Task objective -
Copy every line that holds the string "Place" from the data below.

Supplied data -
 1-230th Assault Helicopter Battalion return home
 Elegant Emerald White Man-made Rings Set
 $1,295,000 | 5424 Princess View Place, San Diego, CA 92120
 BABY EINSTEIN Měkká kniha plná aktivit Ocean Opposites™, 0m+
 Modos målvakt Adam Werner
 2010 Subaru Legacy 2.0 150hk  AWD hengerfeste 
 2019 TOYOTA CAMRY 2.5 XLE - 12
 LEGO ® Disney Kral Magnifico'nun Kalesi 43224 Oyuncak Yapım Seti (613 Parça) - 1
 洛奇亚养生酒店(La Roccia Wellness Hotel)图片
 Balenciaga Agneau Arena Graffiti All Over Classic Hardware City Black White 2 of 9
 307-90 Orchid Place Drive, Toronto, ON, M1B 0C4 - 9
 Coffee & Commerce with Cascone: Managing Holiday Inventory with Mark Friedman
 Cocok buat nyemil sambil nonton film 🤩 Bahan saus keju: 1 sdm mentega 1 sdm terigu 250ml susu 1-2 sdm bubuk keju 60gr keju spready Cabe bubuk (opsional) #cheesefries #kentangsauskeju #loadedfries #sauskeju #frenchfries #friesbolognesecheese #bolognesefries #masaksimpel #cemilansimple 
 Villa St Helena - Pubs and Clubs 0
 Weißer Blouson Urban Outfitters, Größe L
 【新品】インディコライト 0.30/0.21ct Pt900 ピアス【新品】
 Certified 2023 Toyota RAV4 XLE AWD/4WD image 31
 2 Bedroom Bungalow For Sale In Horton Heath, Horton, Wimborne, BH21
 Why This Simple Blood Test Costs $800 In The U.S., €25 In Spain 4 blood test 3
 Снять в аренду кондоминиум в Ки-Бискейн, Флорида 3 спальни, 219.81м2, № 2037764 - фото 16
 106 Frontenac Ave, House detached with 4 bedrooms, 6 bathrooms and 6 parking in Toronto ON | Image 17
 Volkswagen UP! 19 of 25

Your response -
 $1,295,000 | 5424 Princess View Place, San Diego, CA 92120
 307-90 Orchid Place Drive, Toronto, ON, M1B 0C4 - 9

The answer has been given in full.